社会的に弱い立場にある人の権利を守る活動のことをアドボカシーと言い、知的障害のある人の権利に関しては、アドボカシーを行う主体は専門職や家族であることが少なくない。これに対して、障害のある当事者自身が自分の気持ちや意見を表明し、周囲の人々や社会に働きかけていくことをセルフアドボカシーと言う。本研究では、知的障害のある人のライフストーリーをマンガで表現することで、セルフアドボカシーの促進の一助にすることを目指した。
2 実施概要
日本の知的障害のある当事者(中西正繁さん)と英国の当事者(イアン・デイヴィスさん)の協力を得て、それぞれが主人公のライフストーリーマンガを制作した。京都精華大学事業推進室に制作を依頼し、制作にあたっては研究メンバー(吉村和真:京都精華大学/藤澤和子:びわこ学院大学)と意見交換をしながら制作を進めたが、その行程には、主人公となった中西さん、デイヴィスさんも確認作業等をとおして参加した。また、デイヴィスさんのマンガ制作をとおして、英国の研究メンバー(リズ・ティリー:オープンユニバーシティ)とも意見交換をした。
2つのライフストーリーマンガは、2か所の福祉事業所でそれぞれ1作品ずつ発表し、知的障害を含む障害のある人たちが参加した。また、天理大学の授業で紹介しマンガを介して学生と交流した。
3 研究成果および今後の課題
制作過程および上記の全行程を終えた後の振り返りミーティングにおいて、本研究で明らかになったことや今後の課題について、研究メンバーで議論や確認をした。
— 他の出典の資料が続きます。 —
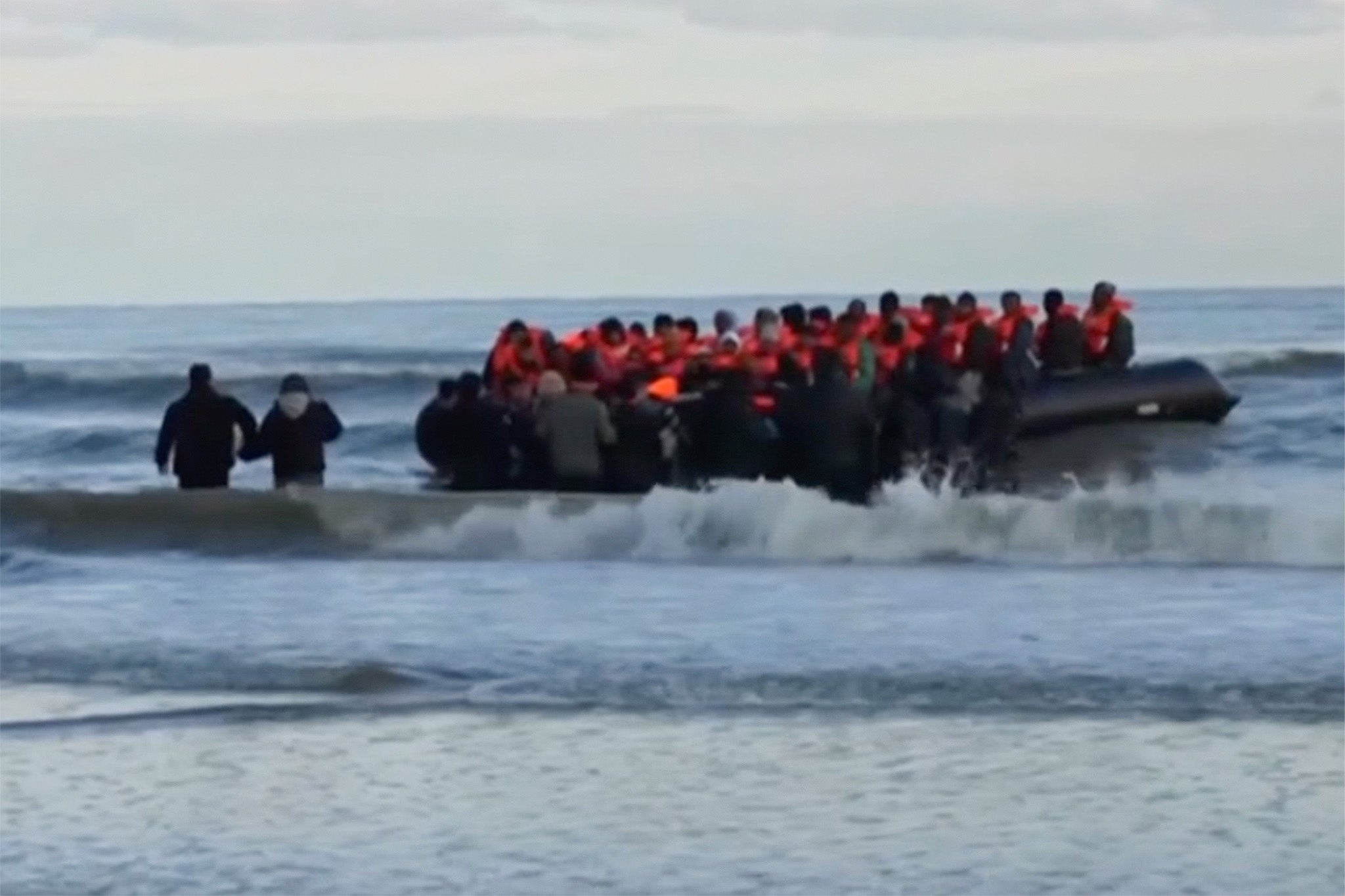 Footage from BBC News shows migrants in small boat at Dunkirk on Tuesday morning after the French coat guard confirmed at least five people had died attempting to cross the English Channel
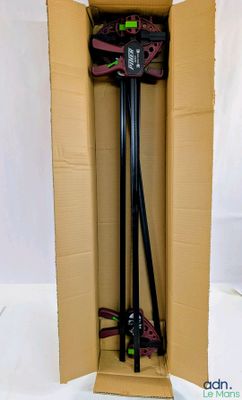a cardboard box with a pair of skis in it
以下がその要点である。
① 制作プロセスをとおしたコミュニケーションの意義
マンガは、背景となる情報が十分にあってはじめて読者に伝わる作品になっていく。本研究においては、当事者に過去のことを思い出してもらい、周りの状況はどうだったのか、なぜそのようなことが起きたのか、その時の自身の気持ちはどうだったのか等について、マンガ家および制作ディレクターから当事者に対してさまざまな確認の質問があった。それにより、当事者から新たに語られた思いや、明らかになった事実などがあった。知的障害があるということは、言葉で表現する力に障害があることを意味している。マンガによるビジュアル化の過程は、知的障害のある当事者による表現をより確かなものにすることがわかった。
② キャラクター化の可能性と留意事項
制作プロセスのなかで中西さんから語られた思いをマンガに入れたところ、中西さんが、さまざまな場面でその思いを語るようになった。このことをとおして、マンガに挿入されたエピソードが本人の思いを強化する可能性があることに気が付いた。これは「キャラクター化」、つまりマンガの主人公になることによって、読者の期待に影響を受けて、モデルとなった本人の役割が増幅することだと言える。このことを踏まえれば、マンガは利便性が高い一方で、だからこそ、特に障害のある人に対してはキャラクター化をする最初の段階での配慮を制作者側が丁寧に行うことが不可欠である。具体的には、当事者がマンガの主人公になることの意義や影響を理解しているか、そのうえで主人公になることを本人の意思で承諾しているか、キャラクターのイメージやストーリーの内容が本人のイメージや伝えたいことと大きくずれていないか等の確認である。なお、今後の課題の一つは、今回マンガの主人公になる経験をした本人の変化を引き続き観察し続けることである。
③ 障害の表現について
知的障害は見た目ではわかりにくく、マンガの主人公の障害をどう視覚的に表現するかについて、マンガ家や制作ディレクターを含め検討することとなった。検討をとおして、今回制作するマンガは知的障害の理解を目的としたものではなく、中西さん、デイヴィスさんがどのように生きてきたか、これからどのように生きようとしているかを伝えるものであることを確認した。完成した2つの作品に共通する当事者の思いは、人とのつながりや対等な関係であり、マンガには「障害者として」ではなく「人として何を大事にしたいのか」が表現されている。知的障害を視覚的に表現することの難しさが明らかになるとともに、マンガをとおして何を伝えるか(障害に対する理解なのか、一人の人としての思いなのか等)を検討する重要性がわかった。
④ わかりやすい表現について
ライフストーリーマンガの制作段階で直面した課題の一つが、読む力がどの程度ある人を読者として想定するのかという点であった。このたびの作品では、ルビや分かち書きのほか、コマ割りを単純化したうえで読み進める順番を示したり、難しく抽象的な表現を具体的でわかりやすい表現にするなどの工夫をした。しかしながら、ライフストーリーのさまざまなトピックをわかりやすく表現するには相応の紙幅が必要となることから、このたび制作した作品はLLマンガとは言えないというのが研究メンバーの共通見解である(LLマンガについては、吉村和真・藤澤和子・都留泰作編著2018『障害のある人たちに向けたLLマンガへの招待』を参照)。また、LLマンガの観点とは別に、本人たちがこのマンガをアドボカシーのツールとして使えるのか、どのように活用しているのかについて、今後継続して検証する必要がある。
⑤ 制作したライフストーリーマンガの活用について
当初の研究計画では、制作したライフストーリーの発表を行い、感想や評価を収集する計画をたてた。発表については、中西さん、デイヴィスさんも参加し、2か所の福祉事業所、および1か所の大学の授業で発表を行うことができた。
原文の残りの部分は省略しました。